[Short web captions]
====
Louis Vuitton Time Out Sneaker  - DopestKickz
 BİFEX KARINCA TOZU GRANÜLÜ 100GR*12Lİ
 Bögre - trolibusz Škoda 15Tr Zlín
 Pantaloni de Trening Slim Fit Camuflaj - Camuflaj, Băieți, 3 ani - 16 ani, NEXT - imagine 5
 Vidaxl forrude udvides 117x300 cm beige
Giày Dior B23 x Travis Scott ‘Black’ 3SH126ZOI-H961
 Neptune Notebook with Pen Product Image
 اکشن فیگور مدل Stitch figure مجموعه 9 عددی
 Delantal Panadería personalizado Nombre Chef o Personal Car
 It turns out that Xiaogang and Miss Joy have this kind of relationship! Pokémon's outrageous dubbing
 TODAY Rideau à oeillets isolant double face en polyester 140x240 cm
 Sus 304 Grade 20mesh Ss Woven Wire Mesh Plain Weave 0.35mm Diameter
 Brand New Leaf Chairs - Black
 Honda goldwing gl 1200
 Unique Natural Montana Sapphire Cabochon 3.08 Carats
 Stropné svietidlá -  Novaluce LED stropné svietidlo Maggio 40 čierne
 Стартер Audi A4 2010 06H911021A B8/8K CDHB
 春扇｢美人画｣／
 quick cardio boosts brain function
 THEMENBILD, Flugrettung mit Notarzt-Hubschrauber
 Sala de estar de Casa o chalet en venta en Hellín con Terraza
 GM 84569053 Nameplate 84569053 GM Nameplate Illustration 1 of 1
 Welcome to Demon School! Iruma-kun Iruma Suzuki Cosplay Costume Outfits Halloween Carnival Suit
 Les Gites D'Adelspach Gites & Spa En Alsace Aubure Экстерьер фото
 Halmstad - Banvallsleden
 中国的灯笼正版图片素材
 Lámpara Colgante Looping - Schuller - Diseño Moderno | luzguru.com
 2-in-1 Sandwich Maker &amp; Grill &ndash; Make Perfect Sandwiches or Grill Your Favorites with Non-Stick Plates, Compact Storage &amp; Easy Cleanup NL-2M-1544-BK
====
▶ _TASK DESCRIPTION_:
Print every line of the records exactly. Omit nothing.

▶ _TASK RESULT_:
Louis Vuitton Time Out Sneaker  - DopestKickz
 BİFEX KARINCA TOZU GRANÜLÜ 100GR*12Lİ
 Bögre - trolibusz Škoda 15Tr Zlín
 Pantaloni de Trening Slim Fit Camuflaj - Camuflaj, Băieți, 3 ani - 16 ani, NEXT - imagine 5
 Vidaxl forrude udvides 117x300 cm beige
Giày Dior B23 x Travis Scott ‘Black’ 3SH126ZOI-H961
 Neptune Notebook with Pen Product Image
 اکشن فیگور مدل Stitch figure مجموعه 9 عددی
 Delantal Panadería personalizado Nombre Chef o Personal Car
 It turns out that Xiaogang and Miss Joy have this kind of relationship! Pokémon's outrageous dubbing
 TODAY Rideau à oeillets isolant double face en polyester 140x240 cm
 Sus 304 Grade 20mesh Ss Woven Wire Mesh Plain Weave 0.35mm Diameter
 Brand New Leaf Chairs - Black
 Honda goldwing gl 1200
 Unique Natural Montana Sapphire Cabochon 3.08 Carats
 Stropné svietidlá -  Novaluce LED stropné svietidlo Maggio 40 čierne
 Стартер Audi A4 2010 06H911021A B8/8K CDHB
 春扇｢美人画｣／
 quick cardio boosts brain function
 THEMENBILD, Flugrettung mit Notarzt-Hubschrauber
 Sala de estar de Casa o chalet en venta en Hellín con Terraza
 GM 84569053 Nameplate 84569053 GM Nameplate Illustration 1 of 1
 Welcome to Demon School! Iruma-kun Iruma Suzuki Cosplay Costume Outfits Halloween Carnival Suit
 Les Gites D'Adelspach Gites & Spa En Alsace Aubure Экстерьер фото
 Halmstad - Banvallsleden
 中国的灯笼正版图片素材
 Lámpara Colgante Looping - Schuller - Diseño Moderno | luzguru.com
 2-in-1 Sandwich Maker &amp; Grill &ndash; Make Perfect Sandwiches or Grill Your Favorites with Non-Stick Plates, Compact Storage &amp; Easy Cleanup NL-2M-1544-BK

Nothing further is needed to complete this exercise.